Mr Straw, addressing the annual meeting of the Magistrates’ Association, said that he understood that they took a cautious approach and “the upper end of the prosecution’s view” of a case.
Figures showed that in 2006 80 per cent of fines for offences of theft in the Crown Court were for less than £200 and 59 per cent were for less than £50, he said. “Some of those cases may have merited the attention of a Crown Court judge because of the prevalence of reputation. But at the same time the levels of fines suggest that some could have been dealt with just as effectively by magistrates.”
It was worth asking, Mr Straw said, whether the offence was “so serious that a Crown Court trial is necessary. Or would it be better — for victim, witness, defendant and public confidence — to dispose of the case more quickly in the magistrates’ court?”
If magistrates found at the end of a trial that their sentencing powers were not sufficient, then they could always refer the case, he said.
In a riposte to Mr Straw, magistrates said that their powers to jail offenders should be doubled from 6 to 12 months, saving tens of millions in court costs.
John Thornhill, chairman of the 30,000-strong Magistrates’ Association, said that the move would save about £25 million in trial waiting times and a further £40 million in trial costs.
He told 400 magistrates gathered in Birmingham that the legislation to extend their powers to sentence from 6 to 12 months was already on the statute book.
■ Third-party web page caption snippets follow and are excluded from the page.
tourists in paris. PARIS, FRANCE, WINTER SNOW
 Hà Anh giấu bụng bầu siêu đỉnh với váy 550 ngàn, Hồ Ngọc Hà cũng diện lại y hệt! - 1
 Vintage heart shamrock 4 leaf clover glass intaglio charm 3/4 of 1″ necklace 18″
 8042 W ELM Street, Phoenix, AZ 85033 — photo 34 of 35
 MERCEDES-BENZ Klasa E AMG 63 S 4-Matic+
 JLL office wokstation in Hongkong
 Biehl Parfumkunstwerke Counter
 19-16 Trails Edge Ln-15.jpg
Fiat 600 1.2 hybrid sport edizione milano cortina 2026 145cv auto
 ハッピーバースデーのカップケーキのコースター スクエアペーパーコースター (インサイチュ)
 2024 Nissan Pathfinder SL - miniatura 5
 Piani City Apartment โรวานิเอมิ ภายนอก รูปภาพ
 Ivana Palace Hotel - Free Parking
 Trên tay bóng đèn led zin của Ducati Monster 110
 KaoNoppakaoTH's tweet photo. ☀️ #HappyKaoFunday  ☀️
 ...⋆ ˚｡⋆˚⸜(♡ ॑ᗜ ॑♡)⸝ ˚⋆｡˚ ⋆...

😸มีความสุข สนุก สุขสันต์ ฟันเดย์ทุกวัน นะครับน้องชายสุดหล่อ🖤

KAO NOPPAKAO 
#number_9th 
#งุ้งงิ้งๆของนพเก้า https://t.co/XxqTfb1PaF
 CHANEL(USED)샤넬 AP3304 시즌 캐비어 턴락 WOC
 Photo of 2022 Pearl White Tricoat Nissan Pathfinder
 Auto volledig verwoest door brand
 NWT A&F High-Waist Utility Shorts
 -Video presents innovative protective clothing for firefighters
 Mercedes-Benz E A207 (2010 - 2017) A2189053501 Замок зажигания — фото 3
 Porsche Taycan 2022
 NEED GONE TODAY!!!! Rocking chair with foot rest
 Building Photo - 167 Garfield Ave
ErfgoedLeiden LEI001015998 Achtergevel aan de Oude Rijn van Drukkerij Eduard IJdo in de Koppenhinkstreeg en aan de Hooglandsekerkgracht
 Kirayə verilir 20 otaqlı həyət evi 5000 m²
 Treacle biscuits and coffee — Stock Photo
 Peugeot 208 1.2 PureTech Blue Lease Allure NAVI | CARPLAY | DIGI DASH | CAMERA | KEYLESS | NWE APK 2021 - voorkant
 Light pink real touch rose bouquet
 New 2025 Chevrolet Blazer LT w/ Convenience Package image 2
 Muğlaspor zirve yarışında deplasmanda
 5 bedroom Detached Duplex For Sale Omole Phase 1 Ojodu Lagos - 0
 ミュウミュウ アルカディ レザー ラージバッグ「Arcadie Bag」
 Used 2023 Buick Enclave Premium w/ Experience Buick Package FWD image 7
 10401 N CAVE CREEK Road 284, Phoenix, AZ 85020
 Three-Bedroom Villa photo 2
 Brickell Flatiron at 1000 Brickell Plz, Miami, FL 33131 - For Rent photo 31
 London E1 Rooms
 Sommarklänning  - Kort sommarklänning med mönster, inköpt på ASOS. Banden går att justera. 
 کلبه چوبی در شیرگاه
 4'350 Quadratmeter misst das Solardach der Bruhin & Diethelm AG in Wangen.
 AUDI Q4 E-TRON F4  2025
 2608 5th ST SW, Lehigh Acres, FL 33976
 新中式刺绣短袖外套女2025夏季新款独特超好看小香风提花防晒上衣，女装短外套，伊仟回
If section 154 of the Criminal Justice Act 2003 was implemented, then magistrates’ courts could take a large swathe of work from the Crown Court, he said.
A Ministry of Justice spokesman said that there were no current plans to change magistrates’ sentencing powers.
“We believe magistrates have sufficient sentencing powers. In his speech on Saturday, the Justice Secretary encouraged them to use these powers to their full extent on appropriate cases rather than referring them to the Crown Court, which can delay justice for the victim and incur additional costs,” he said.